There is now Wi-Fi on the moon. Scientists at MIT and NASA said last week they discovered how to transmit data to space by lasers – technology that could be used by future missions to Mars and other planets.
If future generations live or work on the moon, scientists say, a broadband connection would allow them to keep in touch with family and friends back on Earth.
Four separate telescopes based in New Mexico were used to send an uplink signal to a receiver mounted on a satellite orbiting the moon. Each telescope, about 6 inches in diameter, transmits information to the lunar satellite as coded pulses of infrared light, Discovery News reported.
The MIT and NASA scientists behind the project will present their findings at CLEO laser technology conference in California on June 9.
The team succeeded in transmitting data across the 238,999-mile distance between Earth and its moon at a rate of 19.44 megabits per second, comparable to a slower broadband connection speed, according to Discovery News.
Once transmitted to the lunar satellite, they were able to download data at a rate of 622 mbps, which is over 4,000 times faster than radio transmission speeds currently used to send information between Earth and the Moon, according to Wired. Such speeds would allow large data transfers and high definition video streaming.

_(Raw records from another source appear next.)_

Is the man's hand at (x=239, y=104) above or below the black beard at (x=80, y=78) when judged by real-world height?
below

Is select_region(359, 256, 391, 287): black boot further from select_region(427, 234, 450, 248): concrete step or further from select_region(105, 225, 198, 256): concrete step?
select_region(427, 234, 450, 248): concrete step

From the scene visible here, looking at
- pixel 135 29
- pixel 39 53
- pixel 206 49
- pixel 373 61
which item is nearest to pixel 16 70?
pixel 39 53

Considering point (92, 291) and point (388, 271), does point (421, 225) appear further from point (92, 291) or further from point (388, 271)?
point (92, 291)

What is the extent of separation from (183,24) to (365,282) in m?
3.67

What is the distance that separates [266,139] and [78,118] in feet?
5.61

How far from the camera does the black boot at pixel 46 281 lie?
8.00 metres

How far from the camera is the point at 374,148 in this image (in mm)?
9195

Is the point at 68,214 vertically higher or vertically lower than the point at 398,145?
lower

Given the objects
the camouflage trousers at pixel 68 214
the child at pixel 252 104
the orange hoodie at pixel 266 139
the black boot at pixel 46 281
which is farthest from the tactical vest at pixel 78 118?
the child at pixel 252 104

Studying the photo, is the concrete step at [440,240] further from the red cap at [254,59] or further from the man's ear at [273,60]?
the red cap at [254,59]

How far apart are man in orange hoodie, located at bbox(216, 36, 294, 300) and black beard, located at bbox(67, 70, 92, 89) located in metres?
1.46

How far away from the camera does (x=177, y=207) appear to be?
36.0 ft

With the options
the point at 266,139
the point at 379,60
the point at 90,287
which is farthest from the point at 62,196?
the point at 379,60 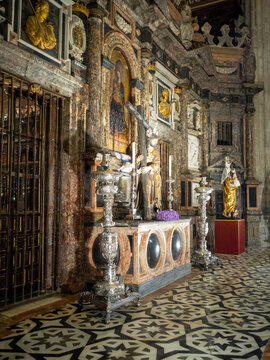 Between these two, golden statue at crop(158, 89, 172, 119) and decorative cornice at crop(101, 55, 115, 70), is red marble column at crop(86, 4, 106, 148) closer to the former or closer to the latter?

But sending information as light through Earth's atmosphere isn't without challenges, researchers said.
"Communicating at high data rates from Earth to the moon with laser beams is challenging because of the 400,000-kilometer distance spreading out the light beam," Mark Stevens, of MIT Lincoln Laboratory, told Wired. "It's doubly difficult going through the atmosphere, because turbulence can bend light – causing rapid fading or dropouts of the signal at the receiver."
The atmosphere bends the laser beams, the scientists said, and each beam experiences the bending differently. That’s why four telescopes are used to beam lasers through different columns of air – to increase the probability that at least one will hit the receiver on the lunar satellite, Wired reported.
The lunar satellite has its own telescope, which collects the laser beam sent from Earth and focuses it into an optical fiber. A photodetector is used to translate the pulses of light into electrical pulses and then they are converted to data, according to Wired.
Even though the lunar satellite typically receives less than a billionth of a watt from the 40-watt signal, that is ten times more than necessary for reliable communications, Stevens said, adding that the team hopes the technology will be eventually be used on deep-space missions to Mars and other planets.